- What you should do
Look below for the line containing "Photo of the"; from there through the line containing "Smoked Brown Trout with Watercress Salad", both lines included, please set down each line exactly and nothing else.

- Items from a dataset
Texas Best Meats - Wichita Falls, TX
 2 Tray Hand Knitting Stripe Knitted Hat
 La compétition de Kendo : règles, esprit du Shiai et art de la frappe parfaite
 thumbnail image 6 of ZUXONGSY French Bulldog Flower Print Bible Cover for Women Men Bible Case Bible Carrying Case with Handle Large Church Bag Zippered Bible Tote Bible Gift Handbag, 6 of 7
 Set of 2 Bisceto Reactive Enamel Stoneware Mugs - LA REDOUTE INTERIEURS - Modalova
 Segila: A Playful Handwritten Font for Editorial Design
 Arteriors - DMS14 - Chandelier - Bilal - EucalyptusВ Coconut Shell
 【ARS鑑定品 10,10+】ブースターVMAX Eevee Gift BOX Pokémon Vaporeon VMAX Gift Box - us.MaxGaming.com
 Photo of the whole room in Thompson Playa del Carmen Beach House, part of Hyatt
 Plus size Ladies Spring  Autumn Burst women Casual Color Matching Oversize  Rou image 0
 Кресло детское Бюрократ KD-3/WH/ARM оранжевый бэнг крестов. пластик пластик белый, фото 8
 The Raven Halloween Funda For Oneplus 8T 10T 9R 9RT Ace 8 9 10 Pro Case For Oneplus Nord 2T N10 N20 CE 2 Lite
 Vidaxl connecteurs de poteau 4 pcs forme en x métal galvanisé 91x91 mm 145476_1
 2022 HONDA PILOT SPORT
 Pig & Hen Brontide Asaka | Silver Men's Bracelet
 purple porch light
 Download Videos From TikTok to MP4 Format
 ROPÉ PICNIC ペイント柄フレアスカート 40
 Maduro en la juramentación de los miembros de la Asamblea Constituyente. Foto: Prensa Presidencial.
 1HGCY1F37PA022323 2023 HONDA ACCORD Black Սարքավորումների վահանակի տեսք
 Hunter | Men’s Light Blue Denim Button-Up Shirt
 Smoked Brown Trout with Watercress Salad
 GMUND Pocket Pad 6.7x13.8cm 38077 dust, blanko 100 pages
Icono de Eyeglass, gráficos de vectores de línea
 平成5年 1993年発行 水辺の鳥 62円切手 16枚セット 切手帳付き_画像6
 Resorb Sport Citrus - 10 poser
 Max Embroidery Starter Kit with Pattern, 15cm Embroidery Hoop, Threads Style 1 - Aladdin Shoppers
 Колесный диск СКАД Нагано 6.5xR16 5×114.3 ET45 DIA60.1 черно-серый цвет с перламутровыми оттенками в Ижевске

- Problem solution
 Photo of the whole room in Thompson Playa del Carmen Beach House, part of Hyatt
 Plus size Ladies Spring  Autumn Burst women Casual Color Matching Oversize  Rou image 0
 Кресло детское Бюрократ KD-3/WH/ARM оранжевый бэнг крестов. пластик пластик белый, фото 8
 The Raven Halloween Funda For Oneplus 8T 10T 9R 9RT Ace 8 9 10 Pro Case For Oneplus Nord 2T N10 N20 CE 2 Lite
 Vidaxl connecteurs de poteau 4 pcs forme en x métal galvanisé 91x91 mm 145476_1
 2022 HONDA PILOT SPORT
 Pig & Hen Brontide Asaka | Silver Men's Bracelet
 purple porch light
 Download Videos From TikTok to MP4 Format
 ROPÉ PICNIC ペイント柄フレアスカート 40
 Maduro en la juramentación de los miembros de la Asamblea Constituyente. Foto: Prensa Presidencial.
 1HGCY1F37PA022323 2023 HONDA ACCORD Black Սարքավորումների վահանակի տեսք
 Hunter | Men’s Light Blue Denim Button-Up Shirt
 Smoked Brown Trout with Watercress Salad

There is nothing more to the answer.